David Kaup, 29, was scheduled to be sentenced Monday after pleading guilty in April to two counts of wire fraud, but prosecutors say he never showed up.
Kaup was behind three separate fraud schemes involving mortgages and refinancing homes that cost dozens of families millions of dollars over five years.
He headed several L.A.-based companies, including Lunden Investments, American Loans and Funding (ALF) and First Mortgage West. Through Lunden Investments, Kaup persuaded investors to give him more than $9 million, which he said he was going to use for commercial loans.
Kaup admitted in his plea that he instead lost approximately $9 million of the victims’ money trading on the Foreign Currency Exchange Market, according to federal prosecutors.

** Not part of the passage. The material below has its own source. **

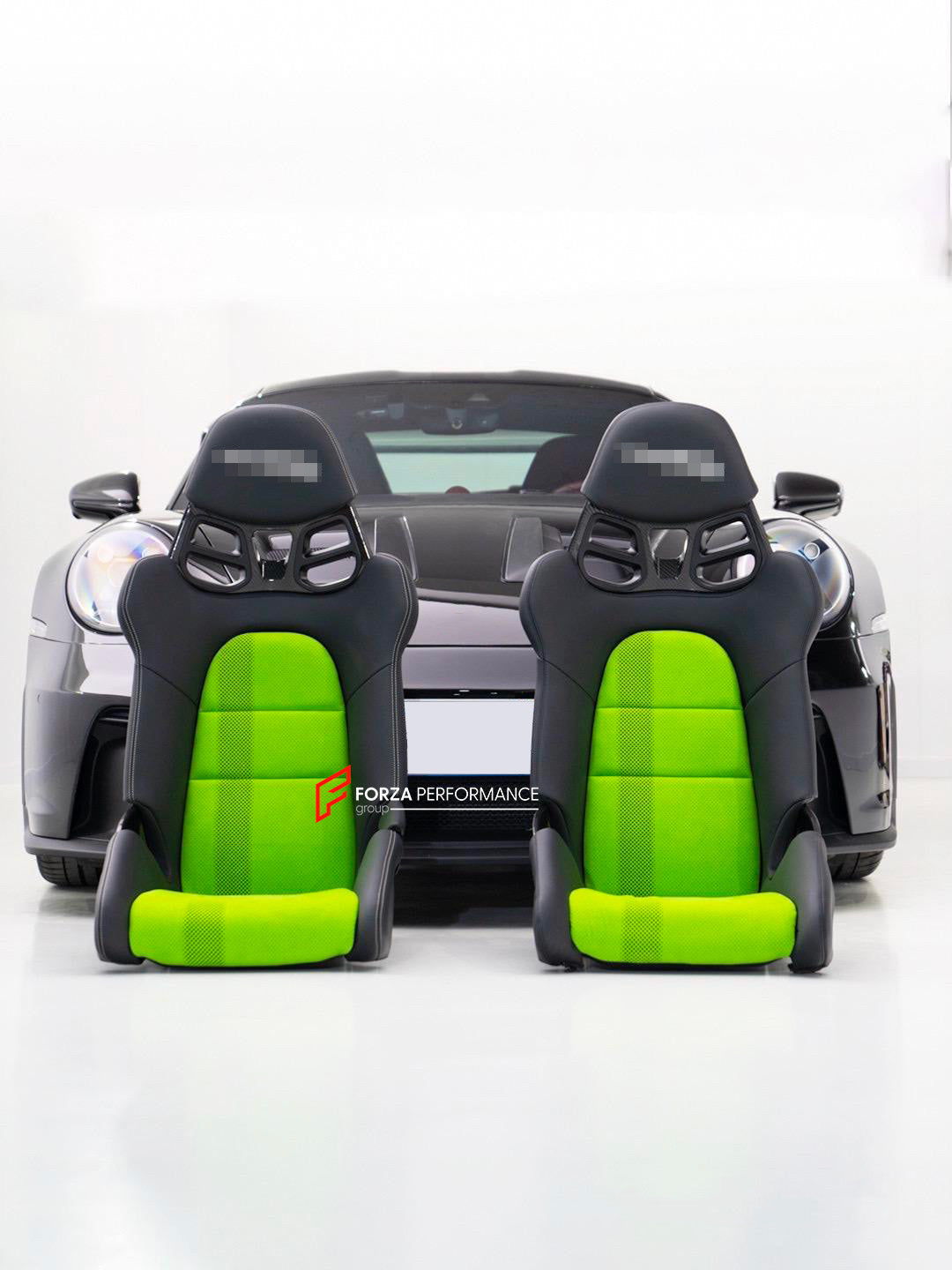 CARBON BUCKET SEATS LWCB for PORSCHE 911 992.2 TARGA 4 GTS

After that, Kaup started a separate scheme to deceive homeowners into sending him money. In his plea, Kaup admitted that through his second company, ALF, he told homeowners he could refinance their homes at below-market rates, so long as they provided certain funds upfront to demonstrate they were financially qualified for the special loan terms. But instead of refinancing the homes, Kaup admitted he used the victims’ money to buy luxury items for himself and to trade on the Foreign Currency Exchange Market. After his scheme collapsed, Kaup admitted in his plea deal that he ran the same scheme, along with others, through a third company, FMW.
According to investigators, Kaup admitted using several aliases, including David Smith and David Martinez. He is described as 5-feet-11, 190 pounds with black hair and brown eyes and is known to work as a disc jockey in the Los Angeles and Las Vegas areas and has used the moniker “New Age Dave.”